* Task objective
What's needed is a word-for-word retyping of the entries below, pictures omitted.

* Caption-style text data
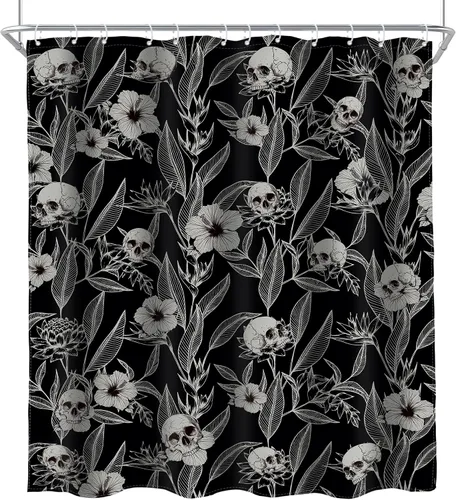 Miniatura 8 de AMBZEK Cortina de ducha con diseño floral de calavera gótica, 60 pulgadas de ancho x 72 pulgadas de largo, para hombre, esqueleto gótico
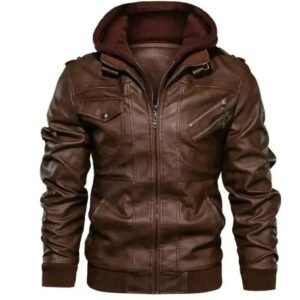 Men’s Genuine Sheep Leather Hooded Bomber Jacket – Brown Motorcycle Style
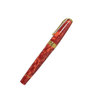Conway Stewart Model 100 Mosaic Red fountain pen with fine nib, featuring a vibrant red and mosaic design.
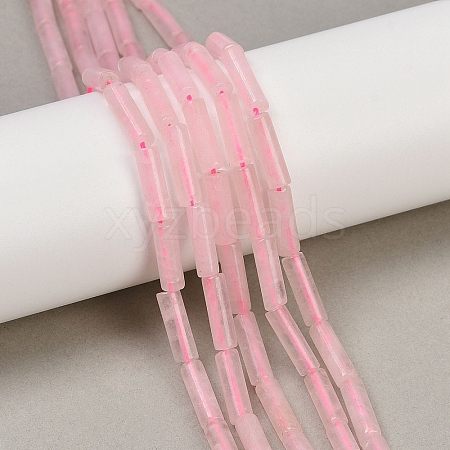 Natural Rose Quartz Column Beads Strands G-F247-08-A-1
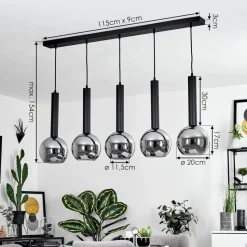 Suspensiontrezeste Noir, 5 Lumieres
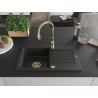 Mexen Pablo Granitspüle 1-Becken mit Abtropffläche und Küchenarmatur Savita, schwarz/gold metallic - 6510-75-672601-50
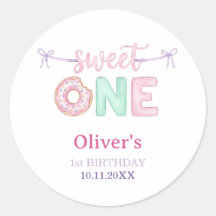 Zoete Eén Donut Pastel 1e Verjaardag Favor Sticker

* Written reply
 Miniatura 8 de AMBZEK Cortina de ducha con diseño floral de calavera gótica, 60 pulgadas de ancho x 72 pulgadas de largo, para hombre, esqueleto gótico
 Men’s Genuine Sheep Leather Hooded Bomber Jacket – Brown Motorcycle Style
Conway Stewart Model 100 Mosaic Red fountain pen with fine nib, featuring a vibrant red and mosaic design.
 Natural Rose Quartz Column Beads Strands G-F247-08-A-1
 Suspensiontrezeste Noir, 5 Lumieres
 Mexen Pablo Granitspüle 1-Becken mit Abtropffläche und Küchenarmatur Savita, schwarz/gold metallic - 6510-75-672601-50
 Zoete Eén Donut Pastel 1e Verjaardag Favor Sticker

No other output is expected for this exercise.